▶ **YOUR ASSIGNMENT**
Your task is to repeat the lines below exactly, excluding any pictures they contain.

▶ **GIVEN DATA**
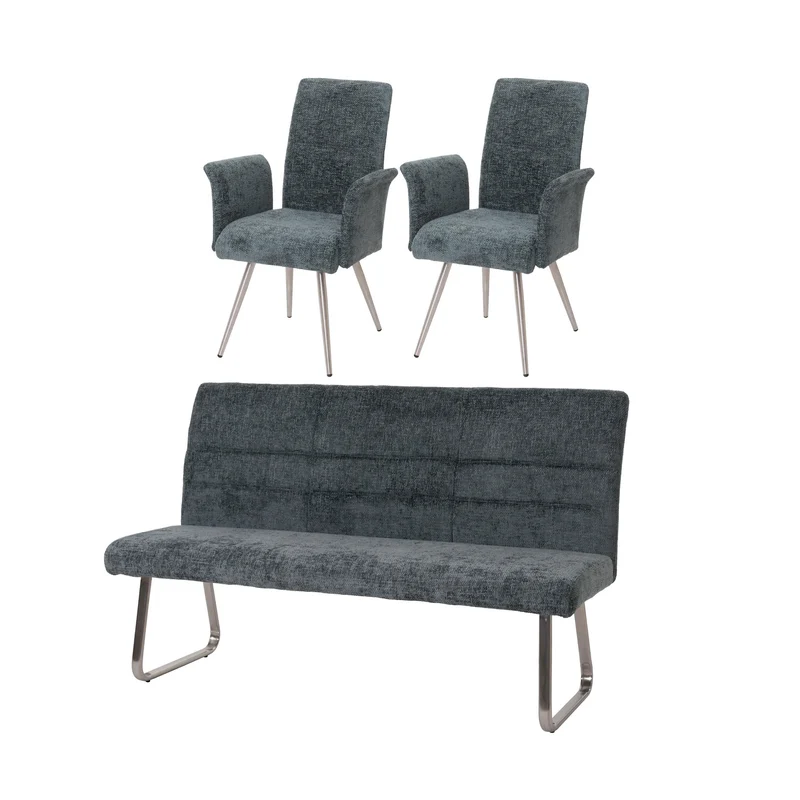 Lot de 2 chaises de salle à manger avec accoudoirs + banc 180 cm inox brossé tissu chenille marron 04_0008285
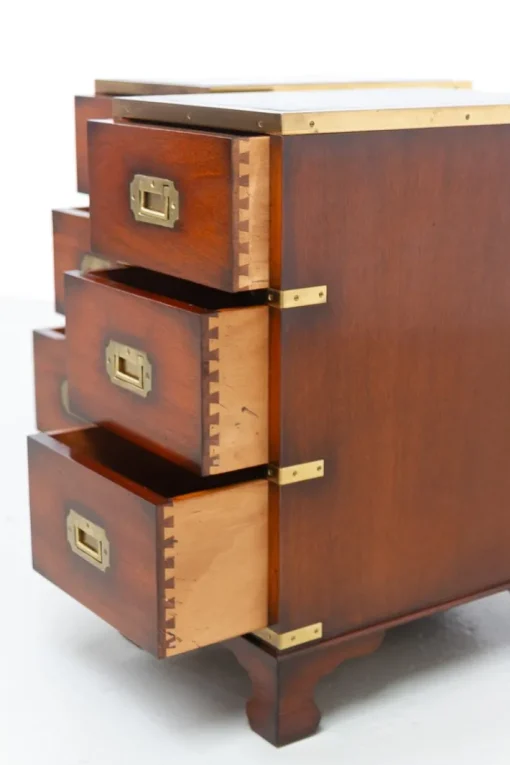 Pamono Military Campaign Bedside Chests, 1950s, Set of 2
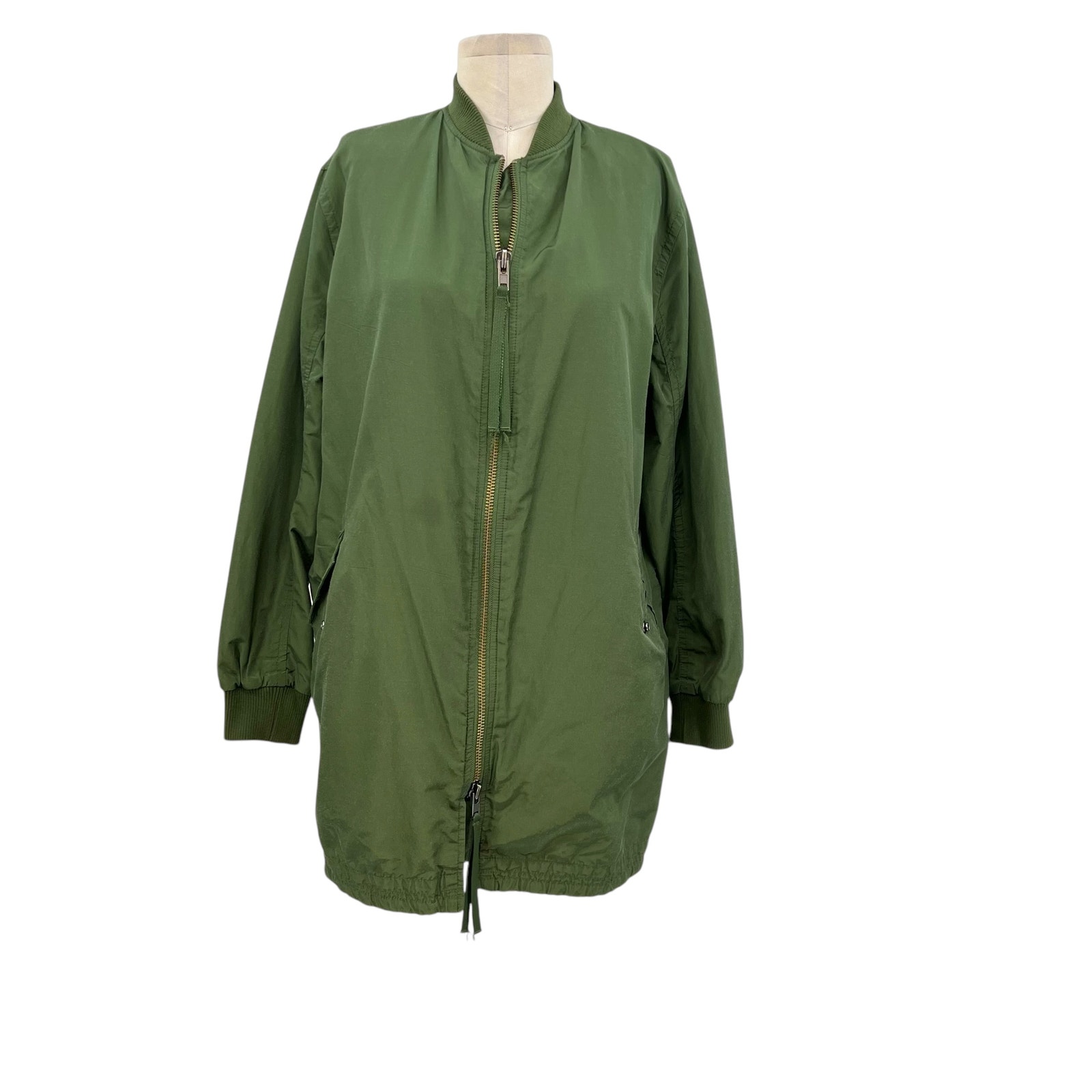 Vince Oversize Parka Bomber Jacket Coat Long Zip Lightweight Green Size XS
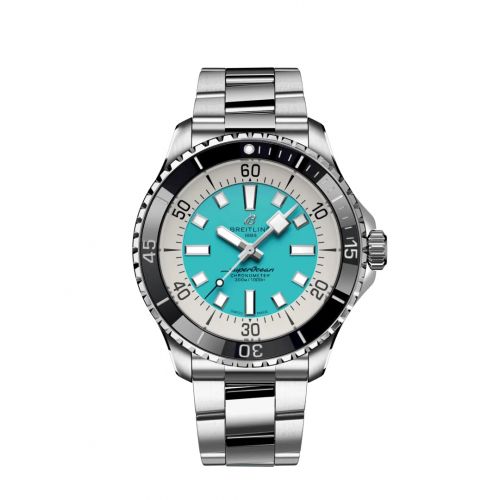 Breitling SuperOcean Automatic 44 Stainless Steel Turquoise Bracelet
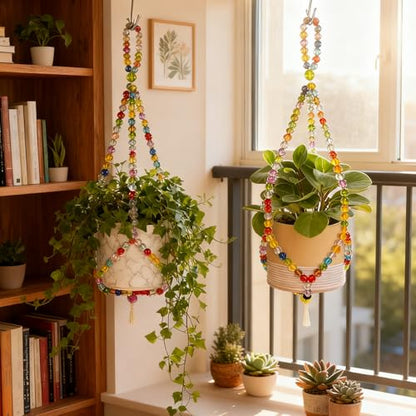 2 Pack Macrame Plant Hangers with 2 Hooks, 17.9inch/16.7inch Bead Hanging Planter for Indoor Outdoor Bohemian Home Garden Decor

▶ **RESULT OF THE TASK**
 Lot de 2 chaises de salle à manger avec accoudoirs + banc 180 cm inox brossé tissu chenille marron 04_0008285
 Pamono Military Campaign Bedside Chests, 1950s, Set of 2
 Vince Oversize Parka Bomber Jacket Coat Long Zip Lightweight Green Size XS
 Breitling SuperOcean Automatic 44 Stainless Steel Turquoise Bracelet
 2 Pack Macrame Plant Hangers with 2 Hooks, 17.9inch/16.7inch Bead Hanging Planter for Indoor Outdoor Bohemian Home Garden Decor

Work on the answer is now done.